The ductus deferens is a transport organ. He can aspirate the seeds, which are located in the epididymis (where they are stored for about twelve days) via a suction pump mechanism and then emptied into the urinary tube via a pressure pump mechanism.

This mechanism is made possible by the arrangement of smooth muscle in the wall of the two vas deferens: on the outside lies a longitudinal, in the middle a ring and inside again a longitudinal muscle layer, which are arranged in a spiral system.

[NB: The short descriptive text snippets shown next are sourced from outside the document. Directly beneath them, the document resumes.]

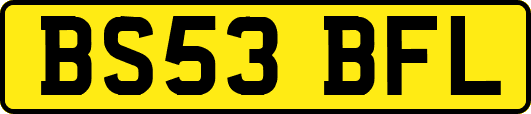 BS53BFL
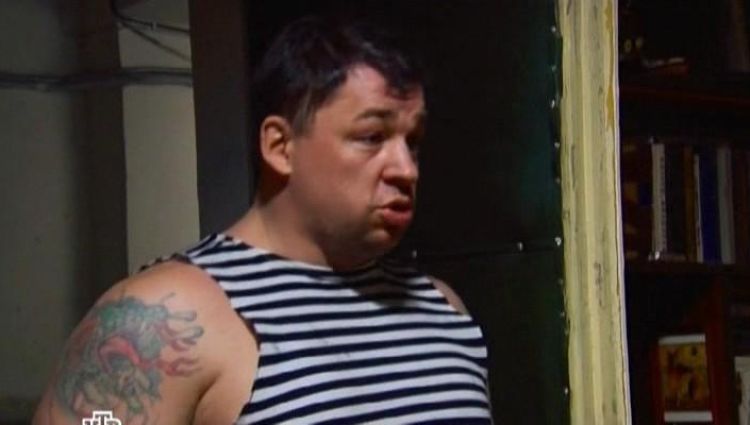 Эпизод (актерский)
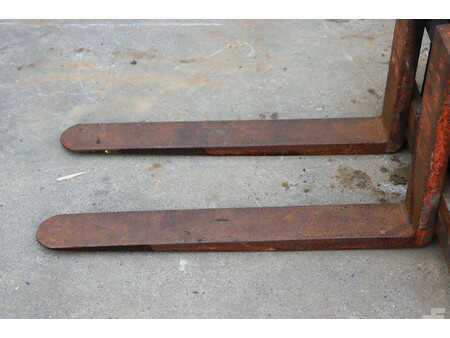 Carrelli elevatori diesel - Halla HDF 30 (10)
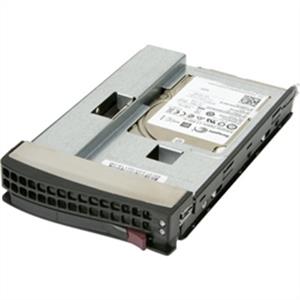 Supermicro MCP-220-00118-0B Gen 5.5 Hot-Swap 3.5" to 2.5" Converter Tray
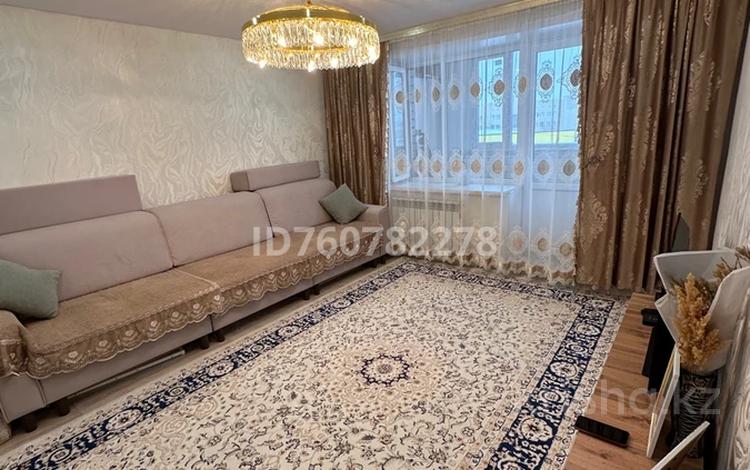 2-бөлмелі пәтер · 75 м² · 3/5 қабат, Строителей 34, бағасы: 19.5 млн ₸ в Аксу — фото 2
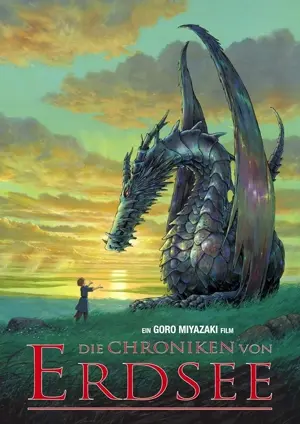Die Chroniken von Erdsee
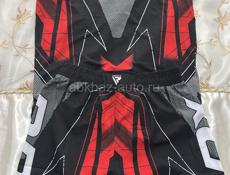 Форма RDX для тренировок  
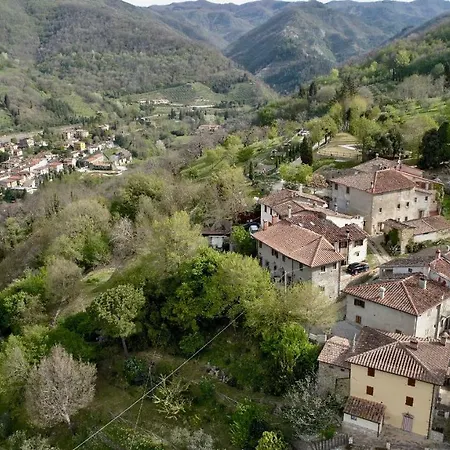 Apartment Casa Vacanze Podere Ugolini Ronta
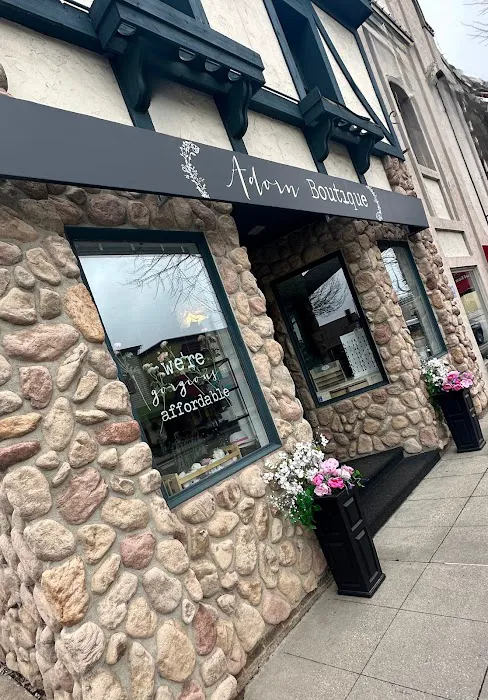 Adorn Boutique Frankenmuth 9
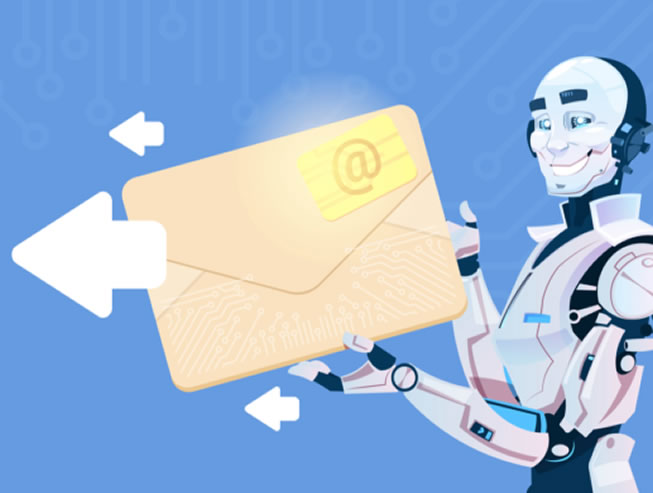 inteligencia artificial en el email marketing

Thanks to this strong muscle wall, the diameter of the spermatic duct can be reduced in size in the area where it joins the duct of the seminal vesicle. This reduction in the inner diameter results in the high pressure and high speed with which the seminal fluid during ejaculation in the urinary tube and further outwards.

Where is the vas deferens?

The right vas deferens from the right epididymis, the left ductus deferens from the left epididymis. With its vessels and its shell, the spermatic cord, each vas deferens pulls up the back of the epididymis up to the outer inguinal ring, where it enters the abdominal cavity.

Here, each vas deferens before the bladder to a vial in which the sperm are stored. A little further on, the paired seminal vesicle flows into the vas deferens, which produces the liquid part of the ejaculate. Finally, the two vas deferens cross the prostate gland and open into the urethra. In the further course one speaks then of the urine seed tube.

What problems can the vas deferens cause?

Some men have a congenital malformation of the vas deferens.

Tumors in the scrotum are at a low percentage of spermatic cord tumors, which are usually benign (rhabdomyosarcoma). They occur mainly in childhood and adolescence.

Spermatic sarcomas, on the other hand, are malignant tumors that grow into the surrounding tissue (infiltration) and form secondary tumors (metastases).

A spermatocele is a fluid-filled cavity (cyst), which usually originates from the epididymis, more rarely from the spermatic cord. It arises at the upper testicle pole. Specifically, it is a so-called retention cyst, so a cyst, which is caused by a drainage obstruction. It is filled with sperm and, if it gets bigger than a pinhead, can lead to a feeling of pressure.

External injuries may cause bleeding, bruising or abscess (encapsulated pus) in the area of ​​the ductus deferens.

As part of a prostate infection (prostatitis) or urinary tract infection may also be the paired vas deferens ignite.